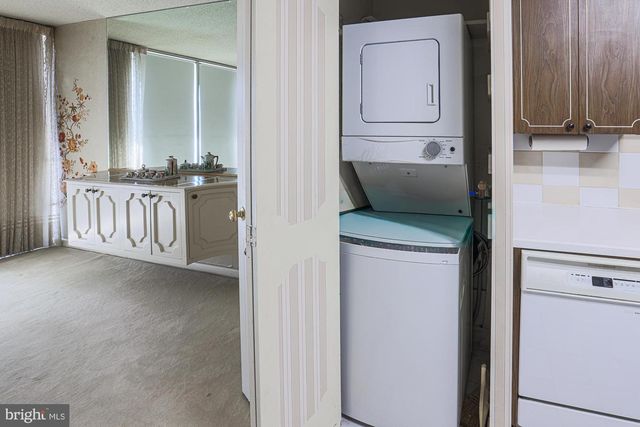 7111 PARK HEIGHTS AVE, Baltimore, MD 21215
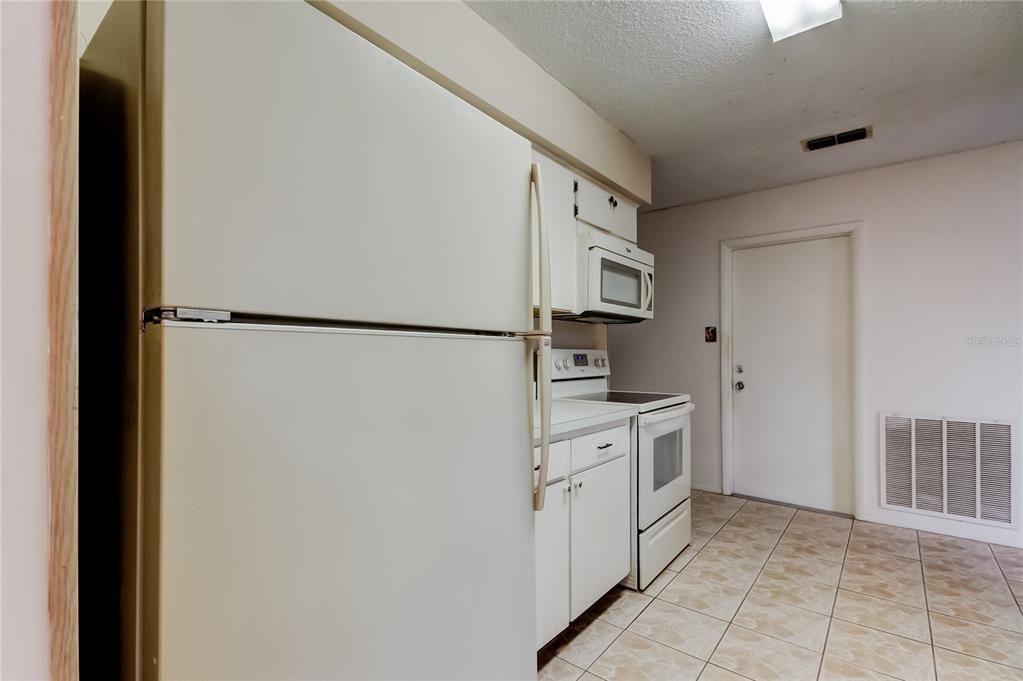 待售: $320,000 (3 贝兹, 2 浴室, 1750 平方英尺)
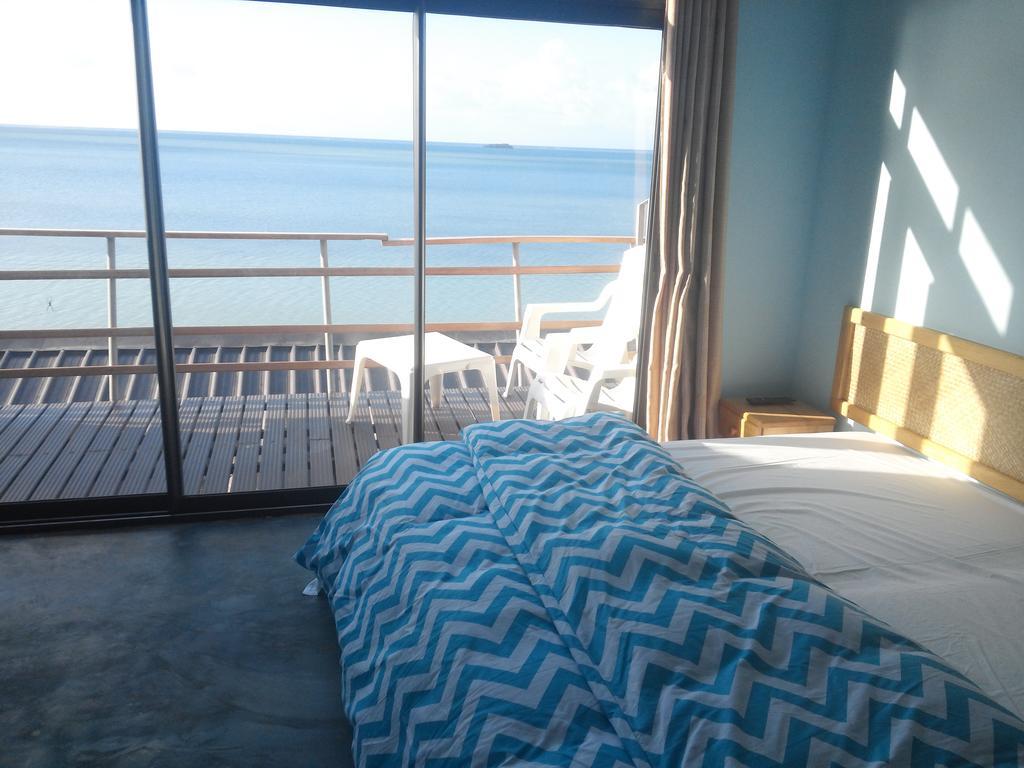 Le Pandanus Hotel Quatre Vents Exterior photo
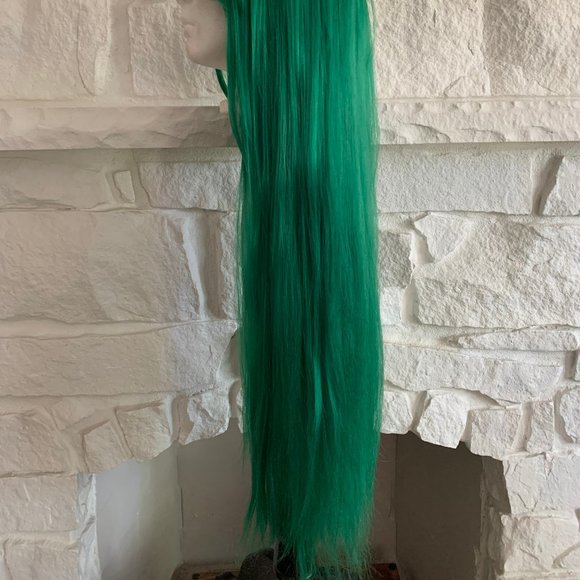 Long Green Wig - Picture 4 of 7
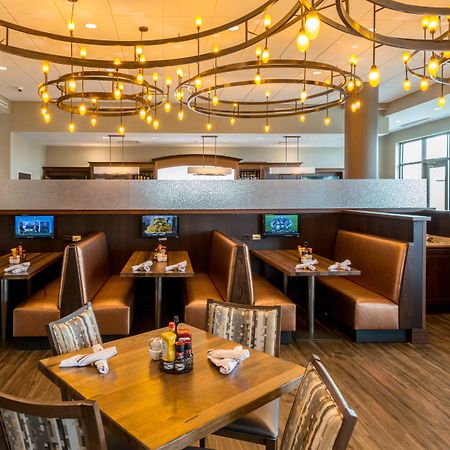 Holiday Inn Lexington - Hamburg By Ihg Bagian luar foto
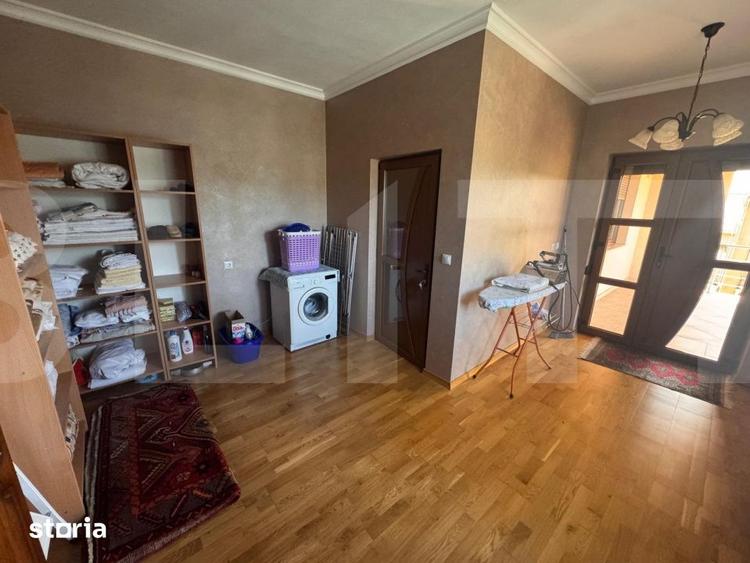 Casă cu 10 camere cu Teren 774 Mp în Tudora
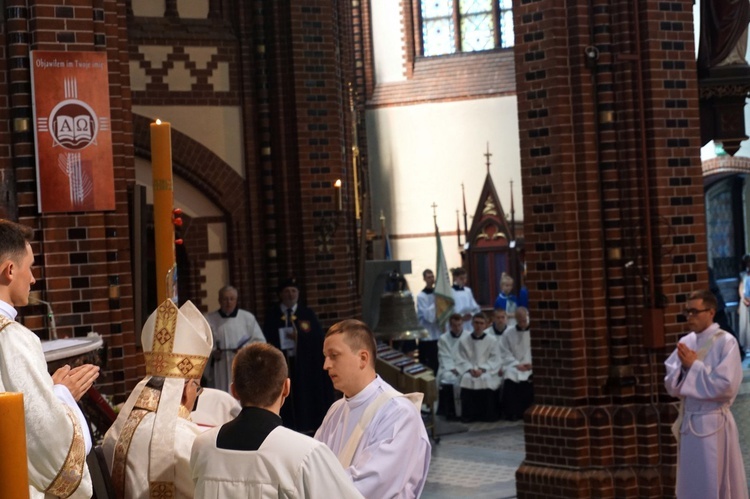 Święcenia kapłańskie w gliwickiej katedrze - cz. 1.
^^^^^^^^
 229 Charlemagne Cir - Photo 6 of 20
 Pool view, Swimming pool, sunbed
^^^^^^^^
## The problem
All that should be written out is the stretch of lines above between the one holding "229 Charlemagne Cir - Photo 6 of 20" and the one holding "Pool view, Swimming pool, sunbed", inclusive, exactly as given.

## Solution
 229 Charlemagne Cir - Photo 6 of 20
 Pool view, Swimming pool, sunbed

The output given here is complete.